De controle op het arbeidsvolume zal vanaf 2020 niet meer bekeken worden vanuit het jaar van de laatste toekenning, zijnde het refertejaar, maar wel met de twee voorgaande jaren.
Als de werkgever in een jaar de tussenkomst van het fonds geniet dan zal het gemiddelde arbeidsvolume van het betreffende jaar (=X) vergeleken worden met het gemiddelde arbeidsvolume van het voorgaande jaar (=X-1) en het jaar daarvoor (X-2). De tewerkstellingen die reeds ‘gesubsidieerd’ worden door het fonds, mogen niet in rekening gebracht worden. De berekening van het gemiddelde gebeurt tevens in voltijdse equivalenten, zijnde de voltijdse tewerkstelling van één werknemer gedurende een volledig kwartaal.
De gegevens (bezoldigde dagen, vakantiedagen en gelijkgestelde dagen) van het voorgaande jaar ontvangt het sociaal fonds van de RSZ.
Negatief resultaat na vergelijking
Als na controle blijkt dat er twee keer een negatief resultaat uit de vergelijking komt, dan zijn er drie opties mogelijk:
- De werkgever heeft de daling van het arbeidsvolume gemeld aan het sociaal fonds en deze werd eveneens goedgekeurd. De werkgever kan blijven genieten van de tussenkomsten van het fonds.
- De daling werd niet gemeld en er is een dubbel negatief resultaat t.o.v. het refertejaar (X-1 en X-2). De werkgever zal zich binnen één maand moeten verantwoorden bij het sociaal fonds en moeten aangeven waaraan de daling te wijten is. Het fonds kan de daling dan geheel of gedeeltelijk aanvaarden. Bij gehele aanvaarding blijft de tussenkomst behouden. Indien de daling maar gedeeltelijk aanvaard wordt, zal de tussenkomst van het betrokken jaar in verhouding teruggestort moeten worden.
- Er is een dubbel negatief resultaat en de werkgever blijft in gebreke zich te verantwoorden bij het fonds. De ontvangen tussenkomsten in het betrokken jaar zullen door de werkgever teruggestort moeten worden.
Voorbeeld:
In oktober 2020 ontvangt het fonds de gegevens van uw onderneming van het jaar 2019, zijnde jaar X.
Op basis van deze gegevens zal het fonds het arbeidsvolume van 2019 vergelijken met 2018 (X-1), en vervolgens met 2017 (X-2).

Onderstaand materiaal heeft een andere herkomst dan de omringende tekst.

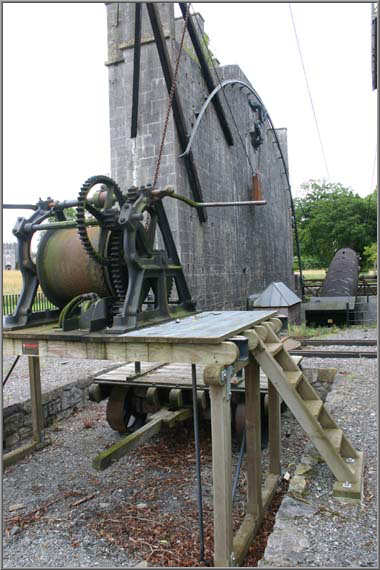 Birr Castle, Leviathan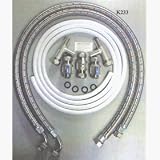 Combination Boiler Softener Fitting Kit'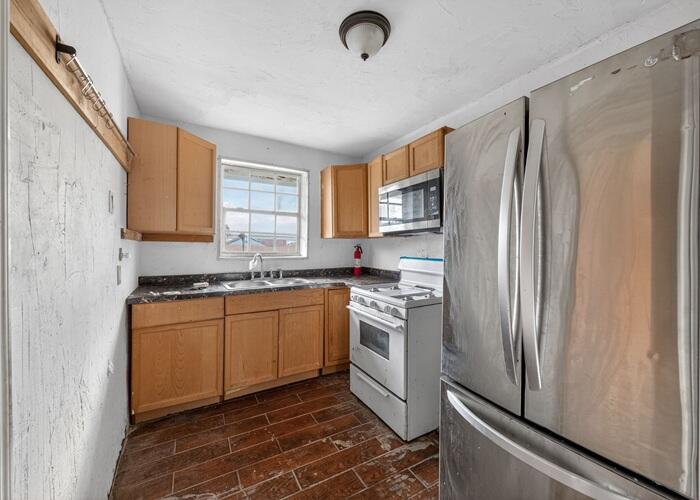 HIALEAH HEIGHTS - Residential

Als uit beide vergelijkingen een negatief resultaat komt, dan geldt bovenstaande ‘Negatief resultaat na vergelijking’.
Andere wijzigingen in voege vanaf 2020
- Het werkingsdocument dat opgesteld wordt door elk sectoraal fonds, is vanaf 2020 online raadpleegbaar op de website van het sociale maribel fonds.
- Schrapping van jaarlijkse maximum tussenkomst per aangeworven werknemer. Enkel een cao of raamakkoord kan de tussenkomst in de loonkost nog beperken. Binnen de sector wilt men immers bekomen dat op termijn 100% van de loonkost gefinancierd wordt door de tussenkomst van het fonds.
- Bijstelling verplichting tot bijkomende tewerkstelling. Initieel gold de tussenkomst enkel voor de creatie van een bijkomende tewerkstelling en de loonkost die hiermee gepaard gaat. Vanaf 2020 wordt deze verplichting lichtjes bijgesteld. De tussenkomsten kunnen vanaf dan ook gebruikt worden op duurzame en stabiele banen binnen de Sociale Maribel sector te waarborgen. De tussenkomst die werkgever konden ontvangen voor het vrijwaren van bedreigde Sociale Maribel banen, verdwijnt evenwel in 2020.
Bron: KB van 19 september 2019 tot wijziging van het koninklijk besluit van 18 juli 2002 houdende maatregelen met het oog op de bevordering van de tewerkstelling in de non-profit sector, BS 03 oktober 2019; Administratieve instructies RSZ 2019/4 – tussentijdse instructies.